Assistant Executive Chef of the South Point Hotel and Casino
FoodASC Member since 2016
Please tell us about yourself and why you are interested in food allergies and sensitivities.
I was raised by my grandmother, Big Ma. As she aged, my grandmother encouraged me and my brothers to help her in the kitchen. Seeing her care, passion and love for food over the years rubbed off on all of us. Big Ma was my initial inspiration to enter the culinary field.
As a chef, it is my responsibility to have an advanced awareness of food allergies, intolerances and sensitivities that affect my food allergic guests.As a chef, it is my responsibility to have an advanced awareness of food allergies, intolerances and sensitivities that affect my food allergic guests.Click To Tweet
In 2009, I met the Gordon family who was dining at the hotel. After speaking with them, I was invited to speak at the 2010 FAAN Conference which was an eye opener. I met Eleanor Holding and other amazing folks from FAAN which began my journey of interacting with experts that live it every single day. I have participated in two walks for a cure here in Las Vegas, and was honored to work with the late Senator Debbie Smith and other wonderful advocates to make changes here in Nevada to protect the lives of people with life threatening food allergies.
Currently, I am a board member of FAACT, Stop Foodborne Illness and the National Restaurant Association. I am often out in the community spreading awareness through talks and trainings with hotels, restaurants, the American Culinary Federation, the local health department and local schools.
Please tell us about your profession.
Currently, I oversee the Food Safety and Allergen Programs at the South Point Hotel and Casino in Las Vegas, Nevada. I also consult and train food industry personnel at the hotels for the Food Allergy Bloggers Conference and Food Allergen Anaphylaxis Connection Team Conference. Occasionally, I speak at the Southern Nevada Health District Industry Meetings where I provide local food establishments first-hand information to help them serve their food allergic guests.
Over the years, I have noticed my fellow chefs view providing reasonable accommodations to food allergic guests as an inconvenience. Actually, with a pro-active plan, food allergies can be managed safely with minimal interruption to service. Here at the South Point we have a loyal following. We have made many friends not only locally but around the country who eat their meals at South Point even when staying at other hotels. On the plus side as a chef there is an unspeakable bond, a connection to the guest and family. When you gain a food allergic guest’s trust, you have a guest/friend for life.

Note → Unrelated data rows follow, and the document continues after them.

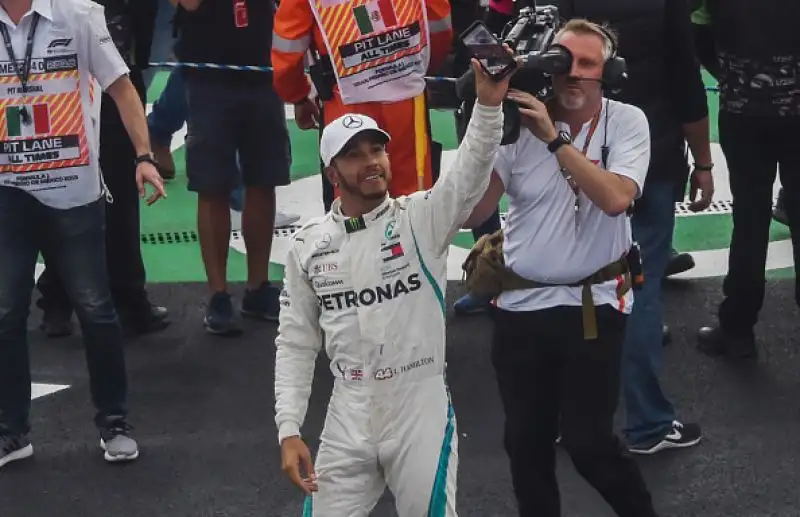 Nella terzultima gara della stagione Lewis Hamilton ha fatto festa entrando nella leggenda del proprio sport grazie al quinto titolo della carriera.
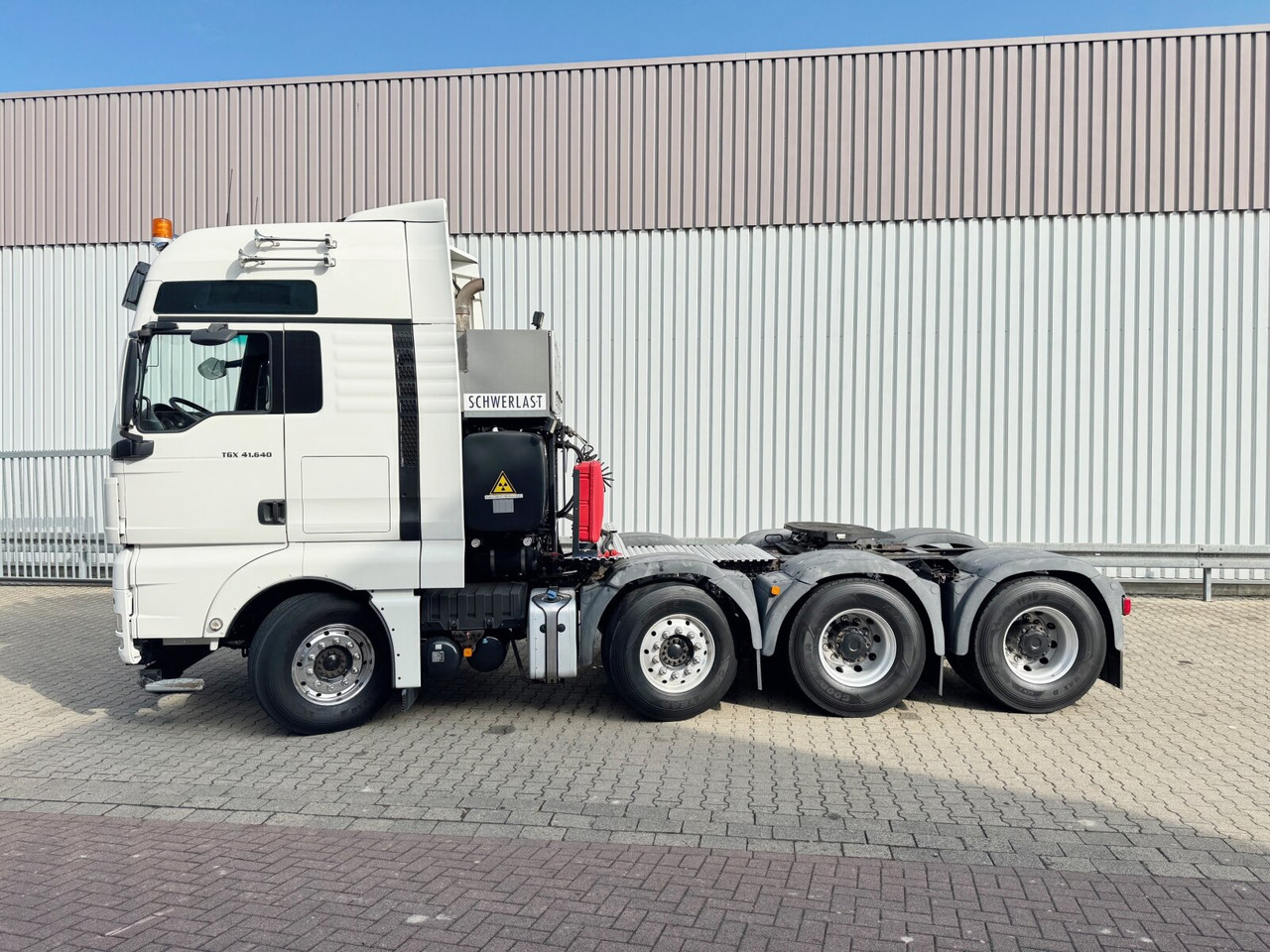 Interior photo 2: Tractor unit MAN TGX 41.540 8X4/4 BLS TGX 41.540 8X4/4 BLS, Vorlauflenkachse, Navi, Intarder, Registerkupplung, Schwerlast 160t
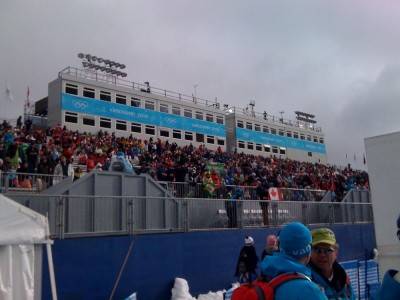 Crowd warming up before womens sbx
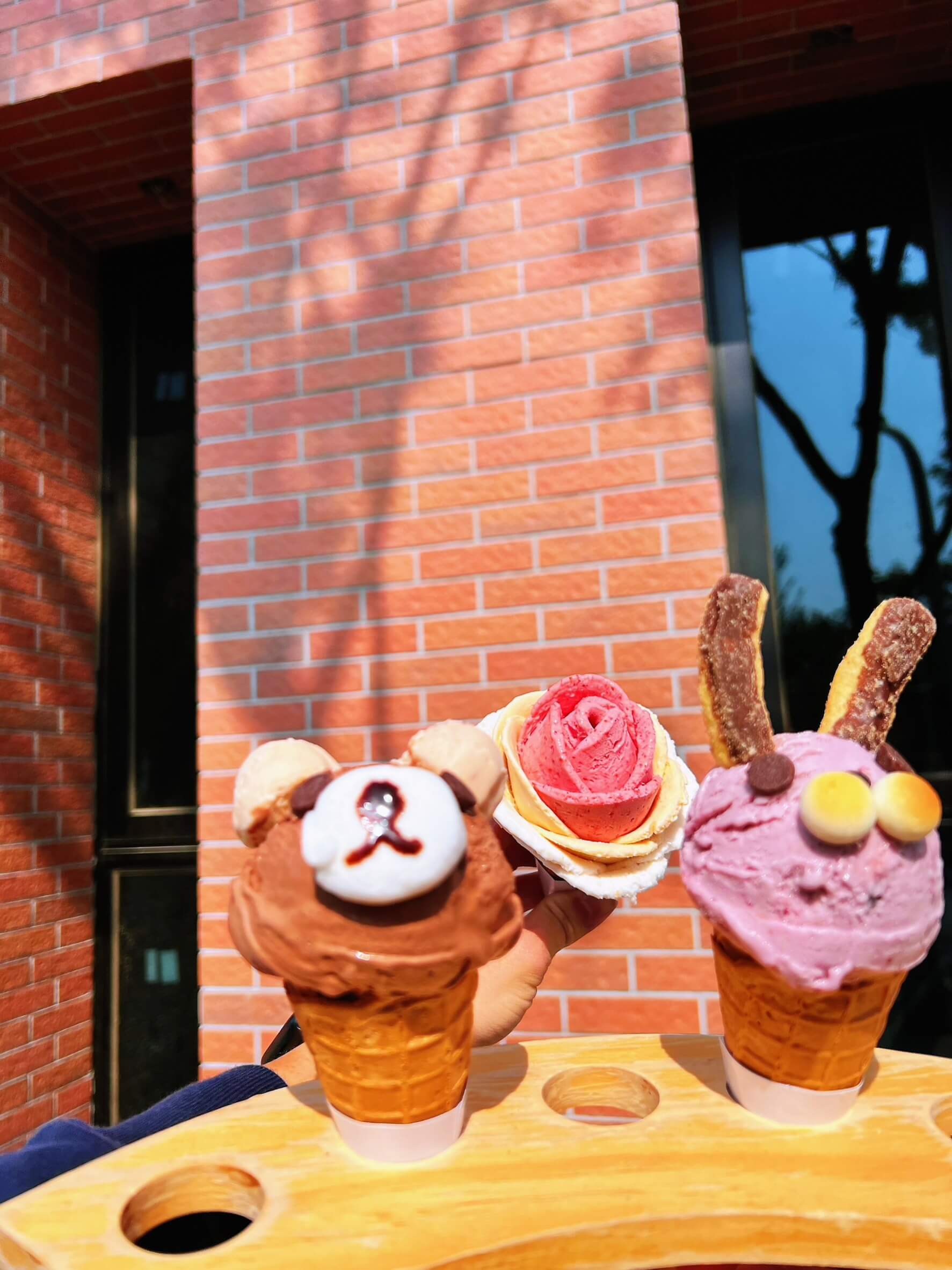 台南義式手工冰淇淋【六月三十義式手工冰淇淋- 台南店】唯美漸層玫瑰花造型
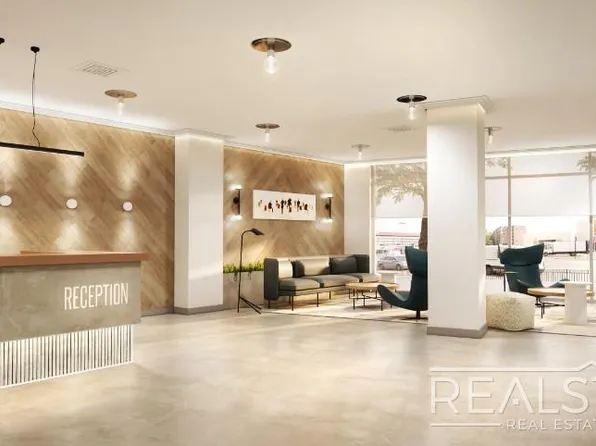 90-02 Queens Boulevard image 7 of 11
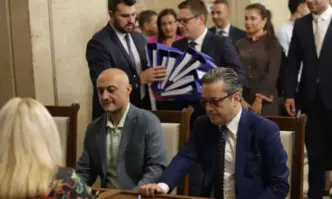 ГЕРБ подаде документи в ЦИК за участие на местните избори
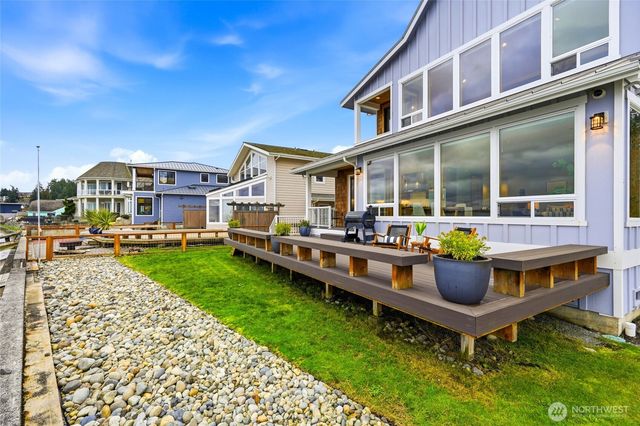 28 W North Camano Drive, Camano Island, WA 98282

Inspired by my personal and professional experiences with members of the food allergy community, I began writing a book from my perspective as a chef approximately two years ago. My book, Allergen Awareness a Chef’s Perspective, is intended to not only touch the heart strings of the reader but to give other chefs a road map. The book covers my journey as a chef, how I started and where that experience has taken me. The main focus is Allergen Awareness and provides tools that chefs and restaurant staff can use as a blueprint. The book is in the final stages of production and I look forward to publishing in early 2018.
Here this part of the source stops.